**Problem description**
Take from the entries below the stretch from the line with "Scott Creek Miniature Horse Farm" through the line with "[閒聊] !! 你們聽到的是咪咪還是咕嚕？", and return it exactly, leaving the pictures out.

**Supplied records**
============

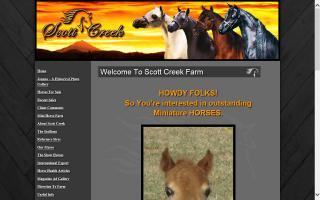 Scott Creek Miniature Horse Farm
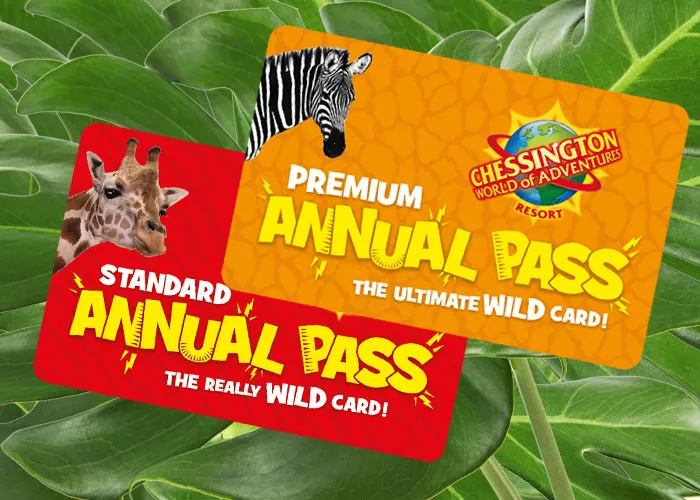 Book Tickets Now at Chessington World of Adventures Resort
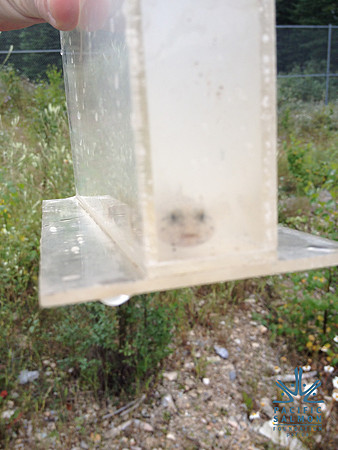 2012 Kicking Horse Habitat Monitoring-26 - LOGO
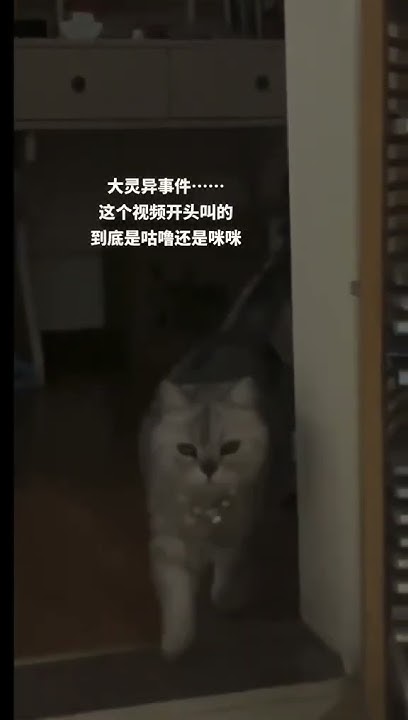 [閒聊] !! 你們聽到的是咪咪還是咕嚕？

============

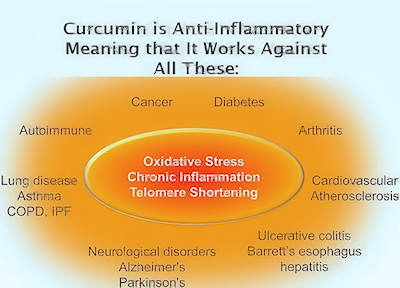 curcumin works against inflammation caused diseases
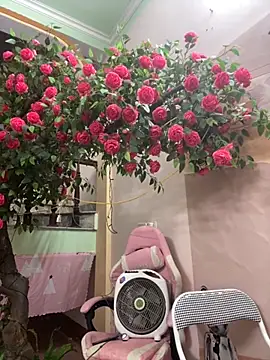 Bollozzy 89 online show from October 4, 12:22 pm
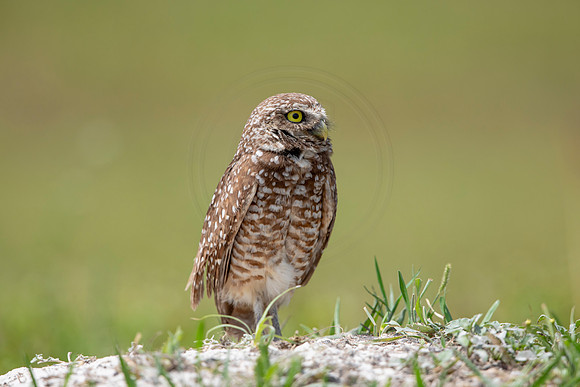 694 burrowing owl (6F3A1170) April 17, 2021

============

**Exercise output**
 Scott Creek Miniature Horse Farm
 Book Tickets Now at Chessington World of Adventures Resort
 2012 Kicking Horse Habitat Monitoring-26 - LOGO
 [閒聊] !! 你們聽到的是咪咪還是咕嚕？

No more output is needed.